++++ Records for the task ++++

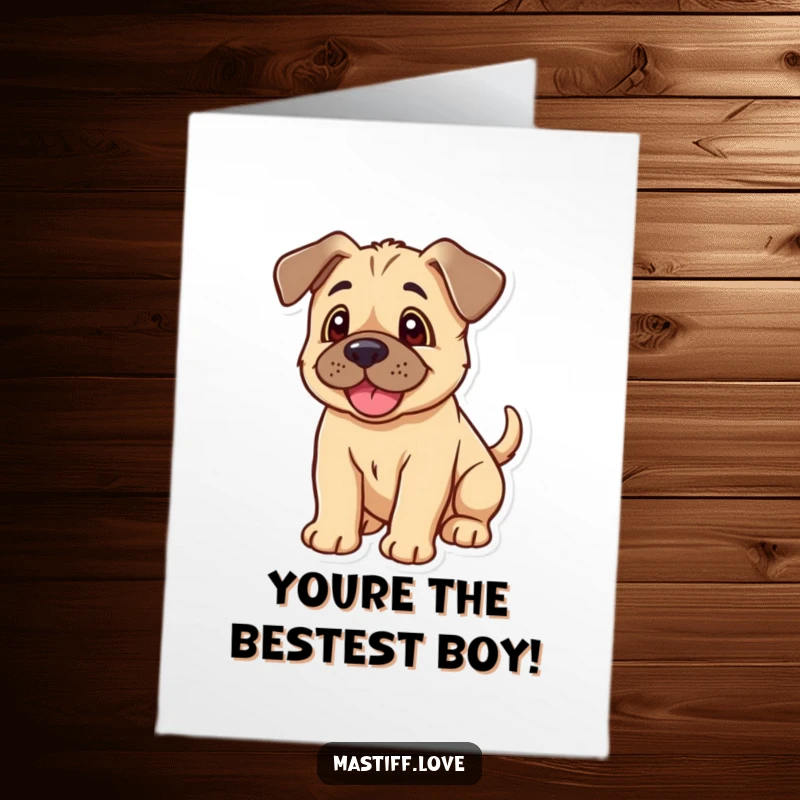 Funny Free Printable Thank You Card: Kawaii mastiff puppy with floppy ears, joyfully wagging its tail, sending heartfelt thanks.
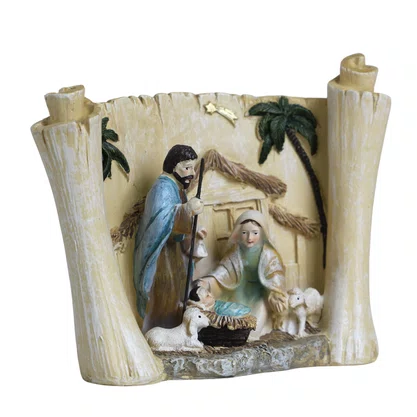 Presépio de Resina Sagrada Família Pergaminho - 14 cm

++++
++++ Records for the task ++++

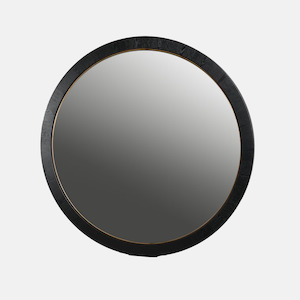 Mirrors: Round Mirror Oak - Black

++++
++++ Records for the task ++++

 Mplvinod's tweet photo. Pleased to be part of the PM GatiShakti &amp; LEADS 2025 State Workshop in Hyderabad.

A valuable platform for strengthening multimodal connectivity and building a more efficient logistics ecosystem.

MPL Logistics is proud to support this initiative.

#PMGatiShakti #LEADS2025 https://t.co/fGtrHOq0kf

++++

▶ What is required
Leave out every picture, and copy exactly the lines above starting at the one holding "Funny Free Printable" and ending at the one holding "Presépio de Resina", no more and no less.

▶ Response for this exercise
 Funny Free Printable Thank You Card: Kawaii mastiff puppy with floppy ears, joyfully wagging its tail, sending heartfelt thanks.
 Presépio de Resina Sagrada Família Pergaminho - 14 cm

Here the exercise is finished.